§ **WORK REQUIRED**:
Every line from the one containing "Vintage Faux Pearl" to the end of the records below must be copied exactly, and no pictures may be included.

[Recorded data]
%%
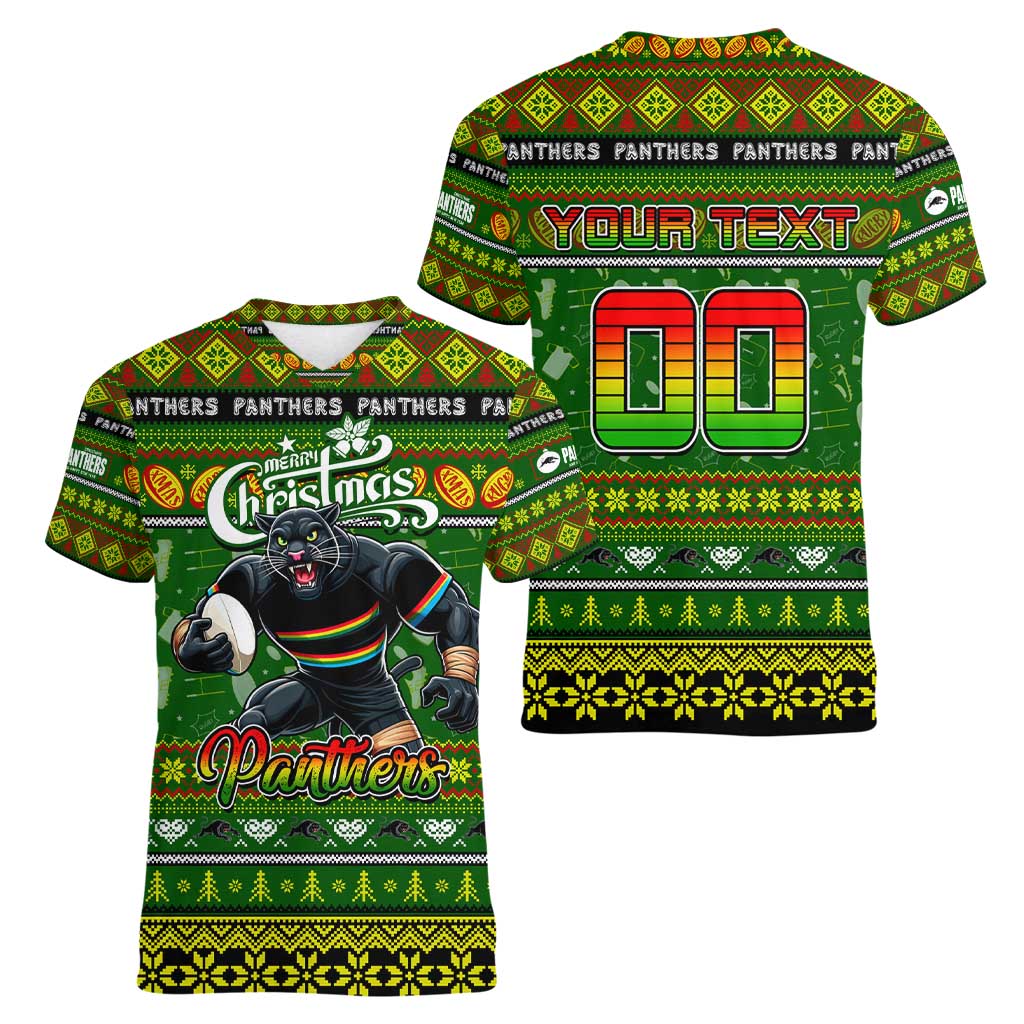 Personalized Panthers Rugby Xmas Women V-Neck T-Shirt Australia NRL Mascot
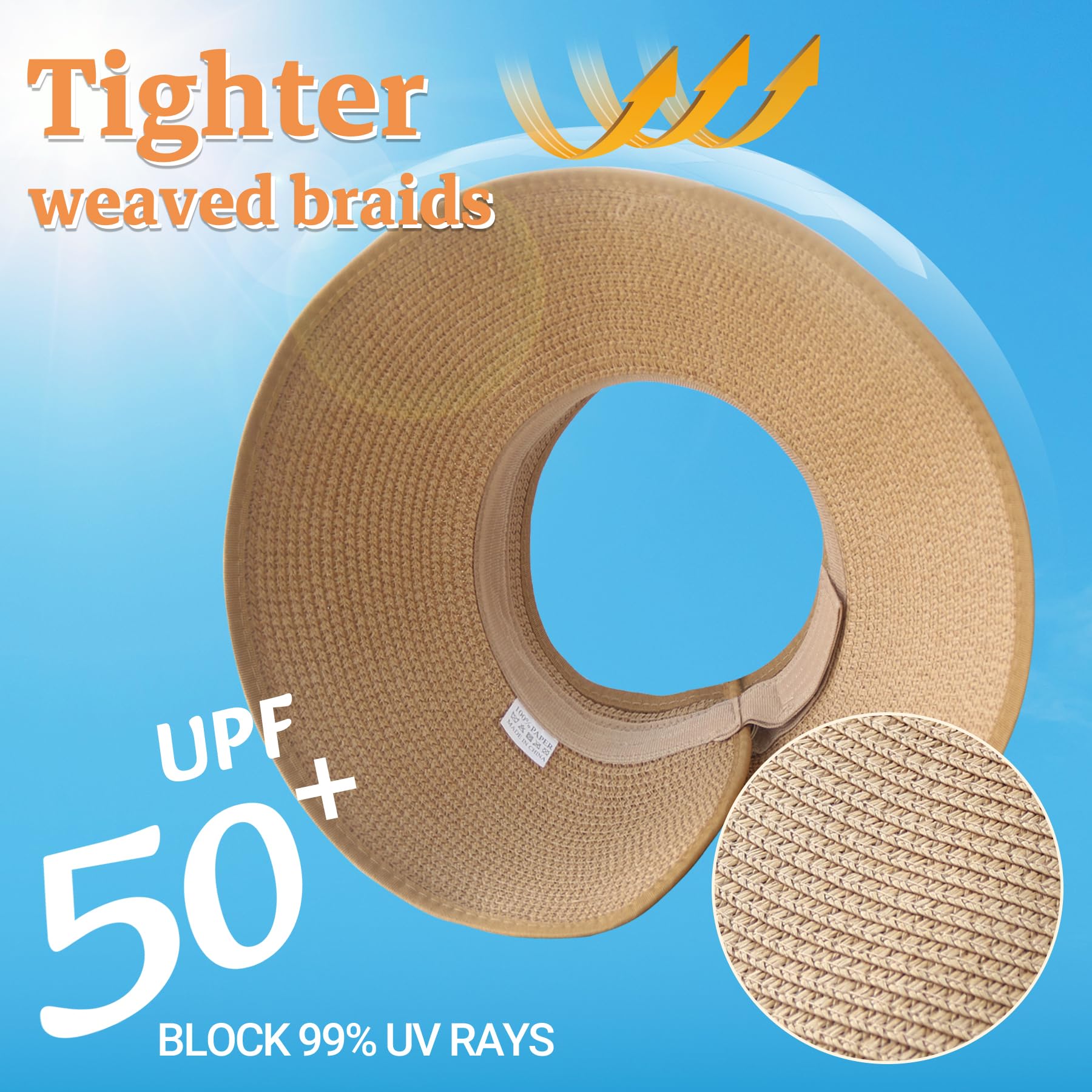 Women's Wide Brim Straw Sun Hat - Foldable Roll Up UV Protection Beach Visor with Ponytail Hole - Perfect for Summer, Travel, and Outdoor Activities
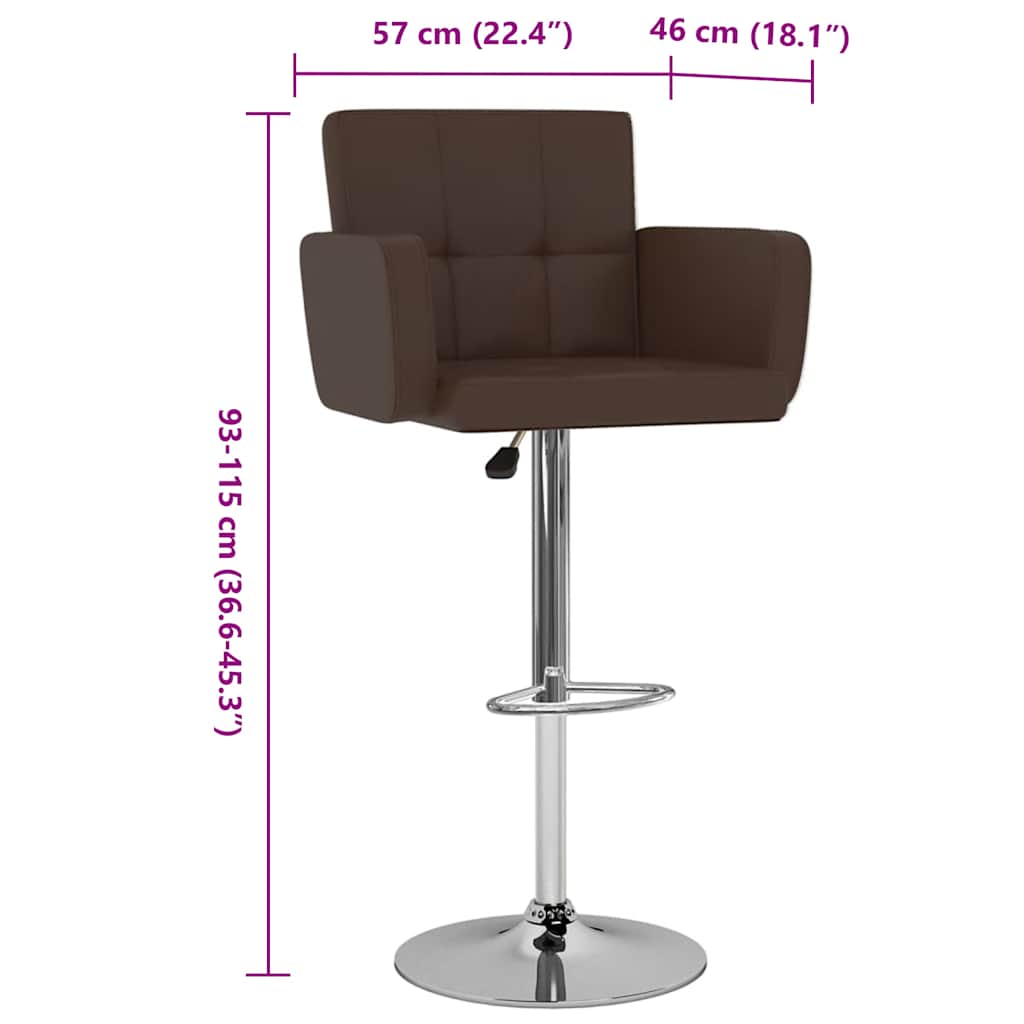 Sgabelli da Bar 2 pz Marroni in Similpelle - homemem39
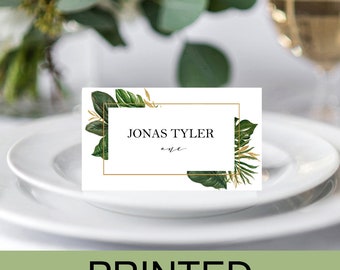 Tropical Place Cards Tented or Flat Wedding Birthday Personalized Printed - Amelie Gold Palms Collection TPC9049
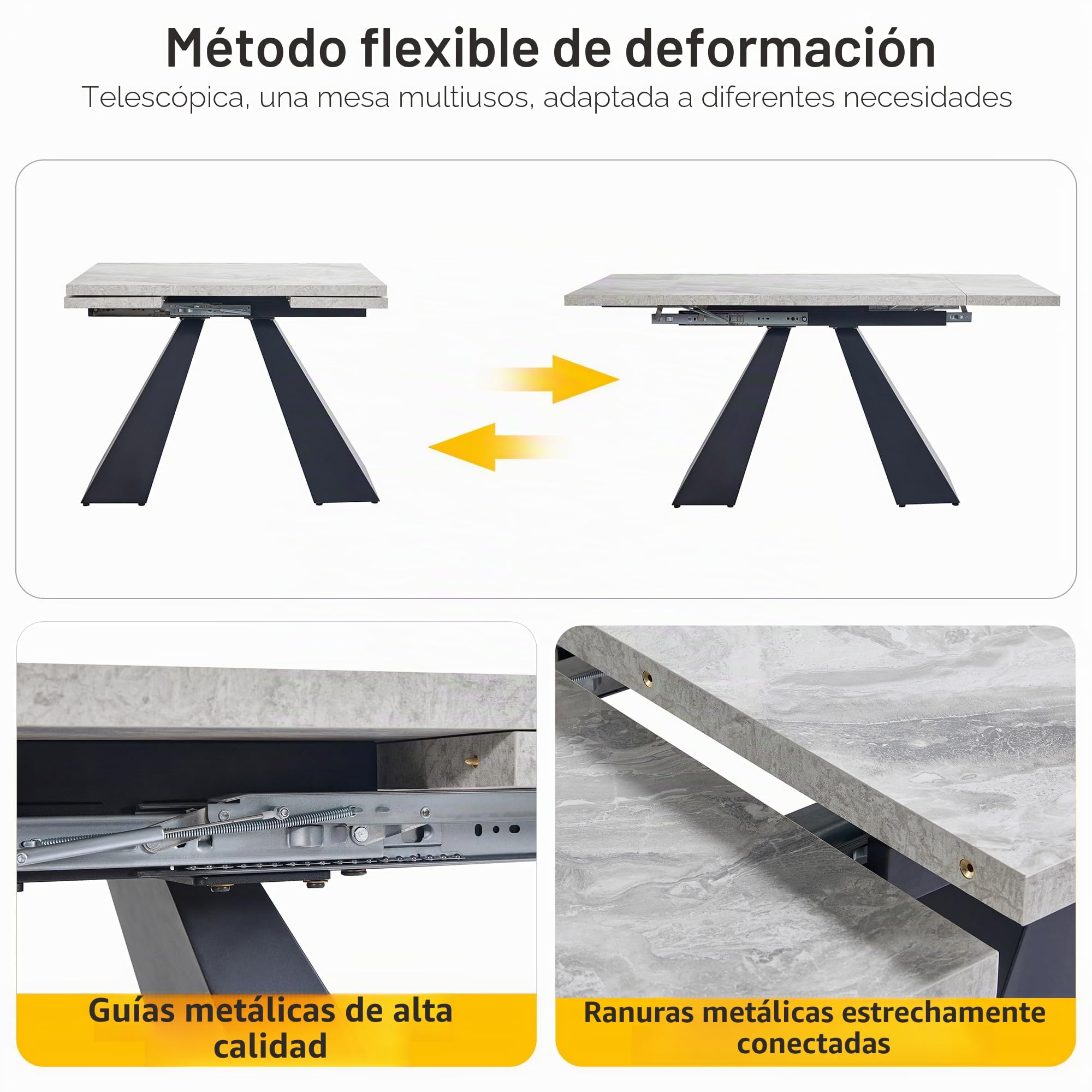 Mesa de comedor telescópica (99-159 x 74 cm), mesa de comedor extensible, mesa de cocina que ahorra espacio, amplia superficie de trabajo, diseño flexible, para oficina en casa y salón, mesa gris con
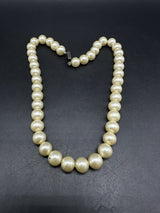 Vintage Faux Pearl Necklace Sterling Silver Clasp -15” Long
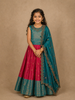 Teal Blue And Dark Pink Floral Zari Woven Raw Silk Pattu Pavadai With Dupatta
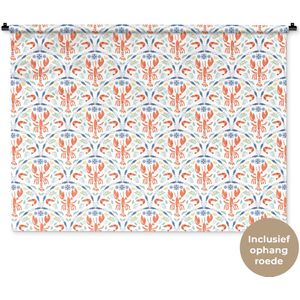 Wandkleed 120x90 cm - Wanddoek Sfeer - Oranje - Blauw - Groen - Wandtapijt - Wandkleden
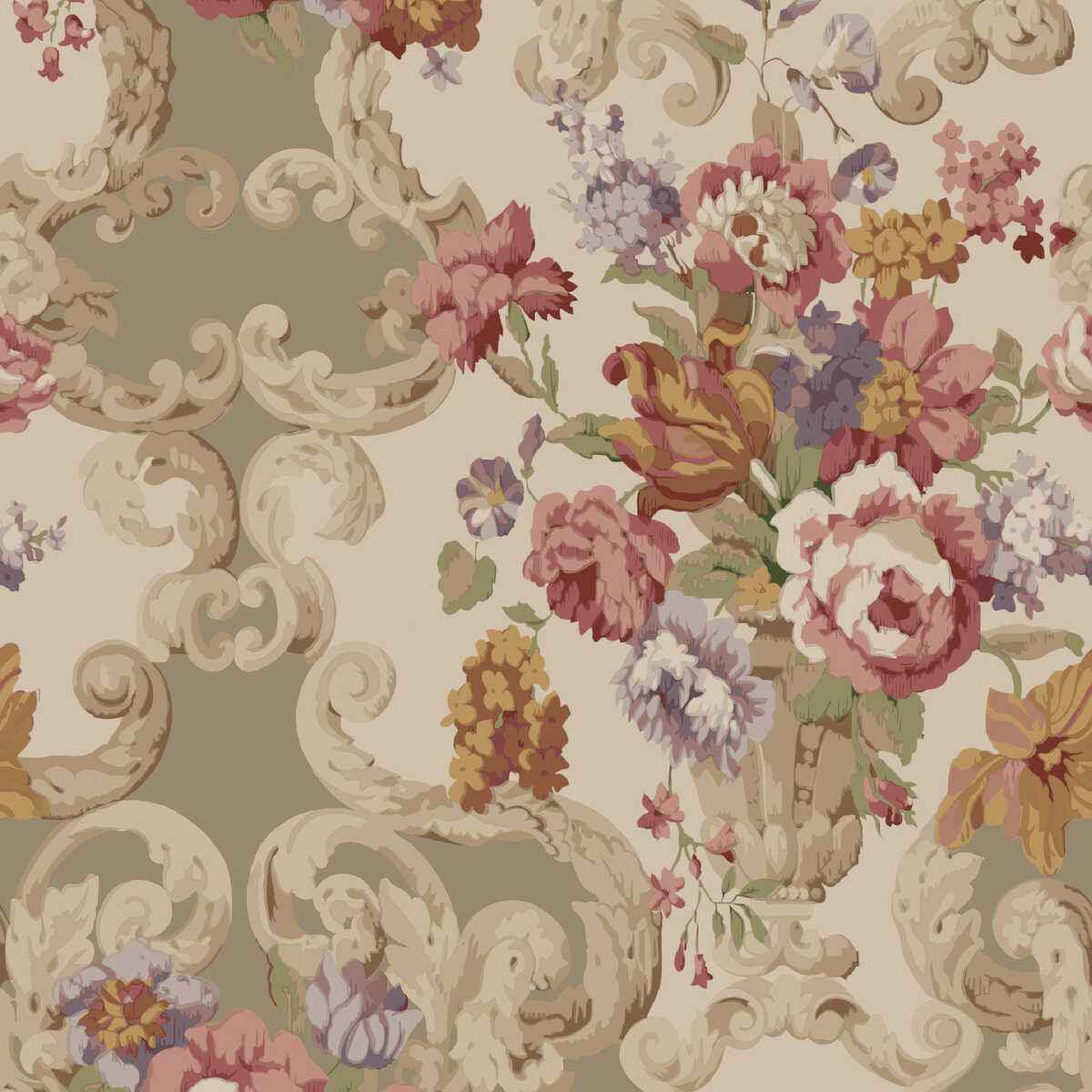 Fg103v540 Floral Rococo Red Plum Mulberry Wallpaper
%%
§ **SOLUTION BELOW**:
 Vintage Faux Pearl Necklace Sterling Silver Clasp -15” Long
 Teal Blue And Dark Pink Floral Zari Woven Raw Silk Pattu Pavadai With Dupatta
 Wandkleed 120x90 cm - Wanddoek Sfeer - Oranje - Blauw - Groen - Wandtapijt - Wandkleden
 Fg103v540 Floral Rococo Red Plum Mulberry Wallpaper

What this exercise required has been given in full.